Attorney General James Says Harlem Truck Depot May Violate State Law
They’re pulling out all the stops for this truck stop.
New York’s top prosecutor on Wednesday told a developer who built a controversial truck depot in Harlem where there could have instead been affordable housing that she may order it shut down because the dozens of new trucks bring more pollution to a low-income community of color that’s already suffered many other environmental injustices.
Attorney General Letitia James said the truck depot at W. 145th Street and Lenox Avenue may be a “public nuisance,” which according to New York State law, means it “interfere(s)” with or “cause(s) damage” to a “public place or danger(s) or injure(s) the property, health, safety, or comfort of a considerable number of persons.”

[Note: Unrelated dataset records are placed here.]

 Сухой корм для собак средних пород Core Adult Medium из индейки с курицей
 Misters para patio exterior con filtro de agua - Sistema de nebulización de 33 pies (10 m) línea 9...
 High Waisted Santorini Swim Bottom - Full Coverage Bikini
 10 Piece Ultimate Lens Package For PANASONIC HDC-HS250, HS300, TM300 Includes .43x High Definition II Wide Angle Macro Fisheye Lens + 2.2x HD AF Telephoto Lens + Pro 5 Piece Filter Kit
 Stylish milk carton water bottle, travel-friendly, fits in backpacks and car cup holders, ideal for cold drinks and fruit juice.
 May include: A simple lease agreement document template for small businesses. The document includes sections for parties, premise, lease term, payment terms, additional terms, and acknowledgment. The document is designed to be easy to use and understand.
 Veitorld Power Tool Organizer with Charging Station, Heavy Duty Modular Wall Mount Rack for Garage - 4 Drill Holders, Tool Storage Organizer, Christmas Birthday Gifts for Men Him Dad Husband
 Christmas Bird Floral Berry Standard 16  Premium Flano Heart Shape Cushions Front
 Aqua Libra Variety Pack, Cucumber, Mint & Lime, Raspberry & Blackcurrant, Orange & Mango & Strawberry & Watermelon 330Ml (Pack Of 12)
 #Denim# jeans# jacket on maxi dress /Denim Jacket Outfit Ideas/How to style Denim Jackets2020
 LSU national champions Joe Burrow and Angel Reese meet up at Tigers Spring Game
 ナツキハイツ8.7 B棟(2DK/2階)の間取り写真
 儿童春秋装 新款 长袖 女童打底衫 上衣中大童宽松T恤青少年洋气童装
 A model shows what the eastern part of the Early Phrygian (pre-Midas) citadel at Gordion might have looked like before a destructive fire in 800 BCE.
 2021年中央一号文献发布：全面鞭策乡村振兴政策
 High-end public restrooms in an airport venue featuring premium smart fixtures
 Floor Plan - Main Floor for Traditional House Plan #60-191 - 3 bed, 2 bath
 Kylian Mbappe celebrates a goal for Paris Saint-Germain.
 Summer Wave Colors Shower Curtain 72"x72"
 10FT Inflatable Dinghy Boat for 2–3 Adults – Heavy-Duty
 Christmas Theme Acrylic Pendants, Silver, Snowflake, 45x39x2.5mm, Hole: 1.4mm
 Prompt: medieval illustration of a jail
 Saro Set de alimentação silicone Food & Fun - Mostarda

“Trucks are associated with increased traffic delays, noise, and vibrations, and can endanger the safety of pedestrians and cyclists. Trucks also generate local air pollution,” James says in a Jan. 25 letter to developer Bruce Teitelbaum, which cites Streetsblog’s own reporting.
A few days before James sent the letter, Manhattan Council Member Kristin Richardson Jordan and Public Advocate Jumaane Williams rallied with community members at the site, where Teitelbaum had originally hoped to get a rezoning to allow him to build a pair of 32-story buildings comprising more than 900 units of housing and a Museum of Civil Rights. But Richardson Jordan opposed the development.
But after Teitelbaum opened the truck depot, Richardson Jordan vowed to shut it down, claiming it sits within the state Department of Environmental Conservation’s Brownfield Cleanup Program, which encourages the cleanup and redevelopment of contaminated sites. But a DEC spokesperson said that a truck depot is a permitted use of the site.
Now, James is swinging against Teitelbaum’s depot and against the deleterious health effects of trucks — though her letter only refers to the disastrous health impact of trucks on this one parcel of land, in this one community. Hundreds of thousands of trucks ply the city’s streets every day.
Advocates agree that Harlem is no home for trucks, but neither is the rest of the city.
“Cars and trucks are responsible for nearly 30 percent of all air pollution in New York City. Instead of bringing more pollution and more traffic to Harlem with a new truck depot, we should be investing in community spaces, housing, and people-centric infrastructure,” said Shawn Garcia, the Bronx and Uptown Organizer for Transportation Alternatives. “This truck depot will make our streets more dangerous, and we cannot accept that.”
And this wouldn’t be the first time that the Attorney General stopped a truck depot from operating in the five boroughs. Most recently, James’s office shut down a Bronx school bus company from polluting neighboring communities through idling. She also sued two other bus companies for similar offenses, according to her office.
The letter asks Teitelbaum to respond to a series of questions — such as its hours of operation, capacity, the services offered, and its compliance with idling laws — before James’s office moves forward. Bringing Teitelbaum to court is a possibility, her office said.
Teitelbaum told Streetsblog that he has received the letter and will respond accordingly.
Richardson Jordan told Streetsblog that she “appreciates the support.”